KornazovGueorgui Kornazov, tromboniste et compositeur, ne craint pas d’intriguer l’acheteur. Une pochette noire au titre étrange comme venu d’ailleurs, « Suznanie » où figure deux noms, le sien et celui de Leonardo Montana sans autre mention. A l’auditeur potentiel de vaincre ces obstacles pour ouvrir cet album, mettre le CD sur sa platine et prendre le train en marche.
Il n’est pas long à découvrir, s’il ne le savait déjà, que Montana est pianiste et sait s’insérer dans l’univers du tromboniste qui fait la part belle à ses origines revues et corrigées par le jazz lui-même.
« Suznanie » se présente comme une longue suite ou, plutôt comme des gares qui balisent le voyage, un voyage dans les histoires de notre enfance, dans les contes de notre grand-mère forcément russe.
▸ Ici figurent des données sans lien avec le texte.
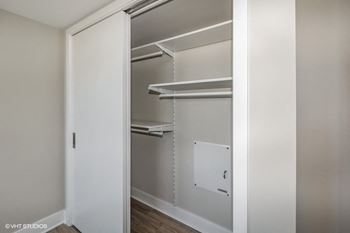 A walk in closet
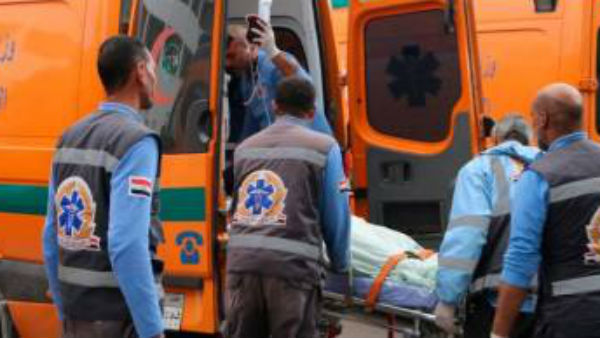 A bus with 16 Indian tourists onboard met with an accident in Egypt A bus with 16 Indian tourists onboard met with an accident in Egypt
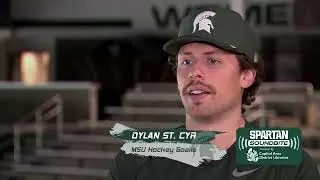 Spartan Soundbite: Dylan St. Cya discusses decision to round out his hockey career at MSU.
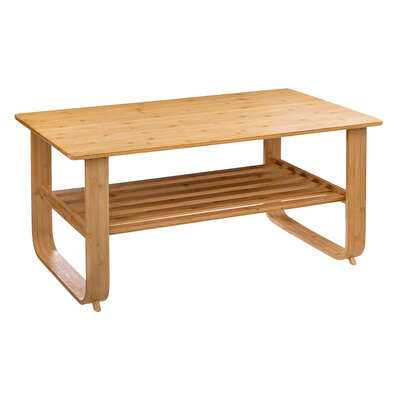 Mesa De Centro (Natural) De Madera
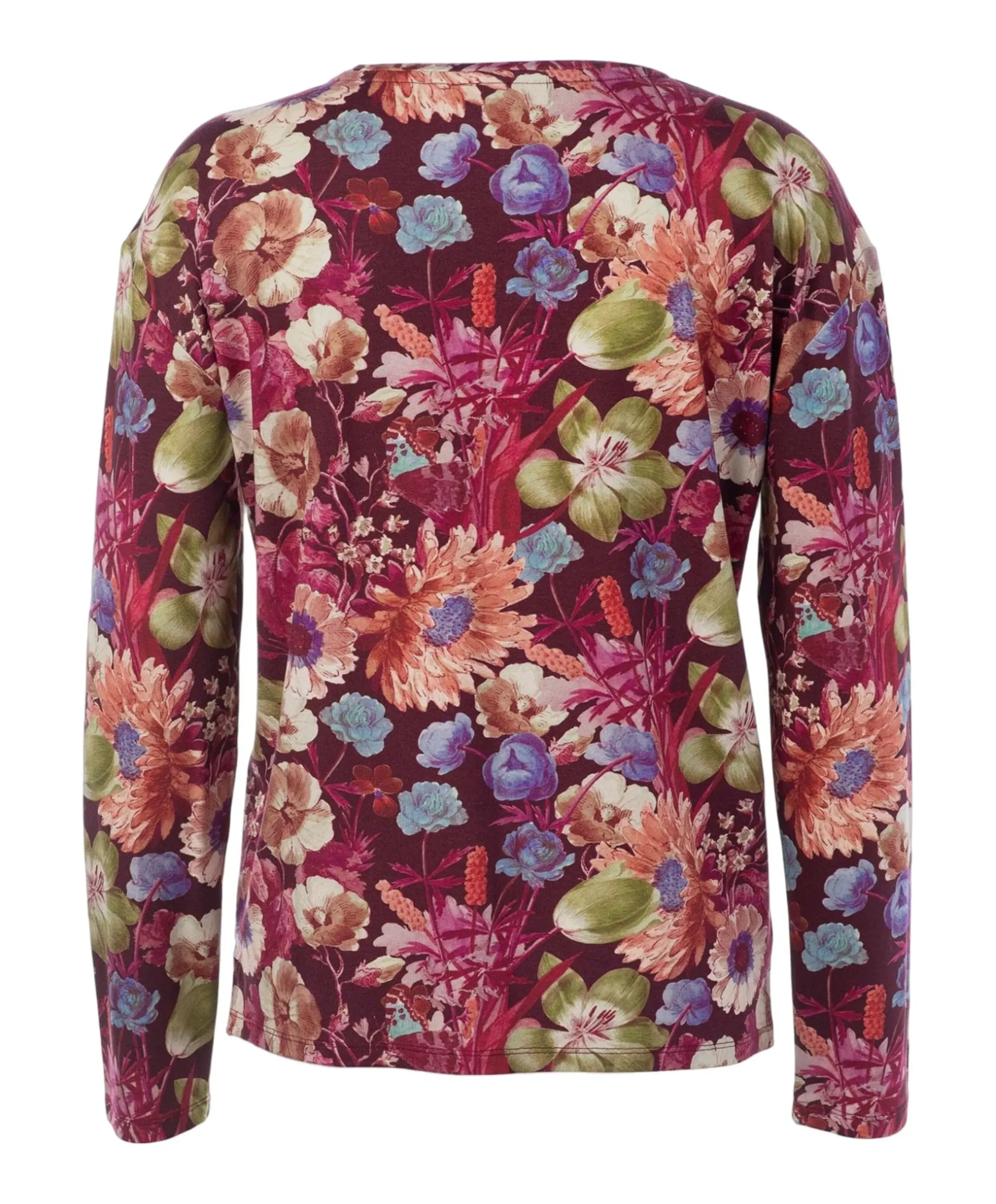Dames pyjamatop bordeaux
Si, par hasard, elle ne l’était pas – russe -, elle raconterait des histoires semblables, de ces contes et légendes légères et graves pleines de bruits et de fureurs d’un monde qu’il est difficile d’oublier. Le rêve permet de s’en échapper pour s’effondrer ailleurs, pour construire un autre monde.
Gueorgui n’a rien oublié, ni Henri Texier ni sa grand-mère, encore moins les grands trombonistes qui ont marqué le jazz à commencer, pour lui – c’est évident à l’écoute –, Roswell Rudd chez qui il a pris cette rugosité qui va si bien à sa musique en la servant.
Il a trouvé chez le pianiste, le même goût de raconter des histoires tout en sachant mettre en valeur ses compositions et assurer un soutien rythmique sans faille.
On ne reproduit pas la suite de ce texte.